See TDA Perks Supplies for details on PPE supplies in stock and available for order including: level 2 masks, face shields, coverall safety suits, and infrared thermometers.
CDC: Factors to Consider When Planning to Purchase Respirators from Another Country
CDC: Strategies for Optimizing the Supply of N95 Respirators
CDC: NPPTL Respirator Assessments to Support the COVID-19 Response. May 22, 2020.
FDA: Emergency Use Authorizations
Associated PPE Costs
Given PPE changes resulting from the COVID-19 pandemic, ADA and TDA recognize that the cost for treating patients will increase. TDA is currently discussing with state-regulated insurance companies the need for them to reimburse dentists for these increased associated costs.
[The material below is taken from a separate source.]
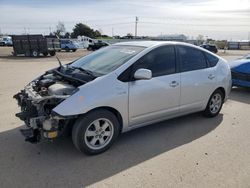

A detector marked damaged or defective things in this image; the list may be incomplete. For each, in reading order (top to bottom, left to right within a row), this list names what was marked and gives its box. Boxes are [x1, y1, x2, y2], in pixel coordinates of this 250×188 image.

front bumper damage [14, 84, 73, 143]
damaged front end [14, 65, 95, 143]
According to the ADA, “Prior to such adjustments taking effect, dental offices may wish to use CDT code ‘D1999 - unspecified preventive procedure, by report’ to document and report the use and cost of additional PPE. Dentists can use this code once per patient visit/claim to attempt to cover the cost of PPE. Because D1999 is a ‘by report’ code, Box 35 of the ADA Claim Form must include the explanation for charges reported against this code. When additional charges for PPE are being billed, an entry of ‘PPE’ may suffice for Box 35.”
Remember that if the dentist is not participating in the patient’s insurance network, they are able to balance bill the patient a PPE fee. However, if the dentist is a contracted provider with the patient’s insurance plan, they may not be able to bill the patient a PPE fee. Dentists in signed participating agreements with insurance companies need to check their agreements to determine whether they can bill the patient a PPE fee.
Check the ADA’s
COVID-19 Coding and Billing Interim Guidance PPE
to see if any insurance companies you contract with are offering programs to provide financial support for reopening or recovery of dental offices and/or to support the cost of PPE.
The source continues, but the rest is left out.